La sage-femme dispose d’une liberté de prescription dans les limites de son champ de compétences. Conformément aux articles L.4151-1 à L.4151-4 du Code de la santé publique (CSP), les sages-femmes peuvent prescrire :
- les dispositifs médicaux et médicaments dont la liste est fixée par le décret n° 2022-325 du 5 mars 2022 ;
- les examens strictement nécessaires à l’exercice de leur profession ;
- les substituts nicotiniques à toutes les personnes vivant régulièrement dans l’entourage de la femme enceinte ou de l’enfant ou qui en assurent la garde ;
- à leurs patientes et aux partenaires de leurs patientes le dépistage d’infections sexuellement transmissibles et les traitements de ces infections figurant sur une liste fixée par le décret n° 2022-326 du 5 mars 2022 ;
- les vaccinations de la femme et de l’enfant, des mineurs et de l’entourage de la femme enceinte ou de l’enfant (arrêté du 12 août 2022) ;
- les arrêts de travail (article L.321-1 du Code de la Sécurité sociale).

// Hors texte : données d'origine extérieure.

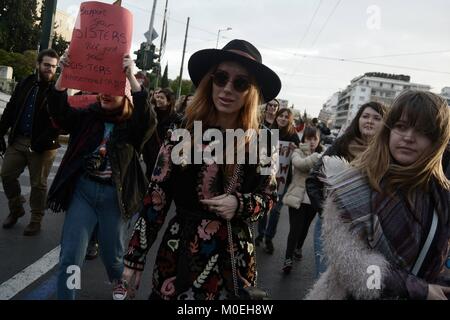 Athen, Griechenland. 21 Jan, 2018. Teilnehmer während der März gesehen. Hunderte von Frauen in Tag März der Frauen in Athen 2018 nahm die Gleichstellung der Geschlechter zu fordern. Credit: Giorgos Zachos/SOPA/ZUMA Draht/Alamy leben Nachrichten Stockfoto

Lorsqu’elle prescrit, la sage-femme engage sa responsabilité professionnelle, civile, pénale et déontologique. Les erreurs de prescriptions peuvent porter sur une erreur dans le choix du médicament, une erreur dans la posologie ou sur une prescription hors AMM ou hors de la liste fixée par le décret de compétences des sages-femmes.
La responsabilité civile
L’article L.1142-1 I. du Code de la santé publique dispose : « Hors le cas où leur responsabilité est encourue en raison d’un défaut d’un produit de santé, les professionnels de santé mentionnés à la quatrième partie du présent code, ainsi que tout établissement, service ou organisme dans lesquels sont réalisés des actes individuels de prévention, de diagnostic ou de soins ne sont responsables des conséquences dommageables d’actes de prévention, de diagnostic ou de soins qu’en cas de faute. »
Concrètement, pour engager la responsabilité civile de la sage-femme dans le cadre de sa prescription, il faut qu’elle ait commis une faute et que cette faute soit à l’origine des préjudices subis par le patient.
Il y a peu de jurisprudence concernant les sages-femmes, mais leur responsabilité peut être calquée sur celle des médecins, en tenant compte de la liste limitative de prescriptions qui ne doit pas être outrepassée. Il peut donc y avoir une erreur dans le médicament prescrit, dans la posologie, un produit peut ne plus être adapté ou les recommandations peuvent avoir changé.
Les experts se réfèrent toujours pour juger un acte médical aux données acquises de la science au moment des faits, c’est-à-dire, pour les médicaments, au produit de référence au moment des faits.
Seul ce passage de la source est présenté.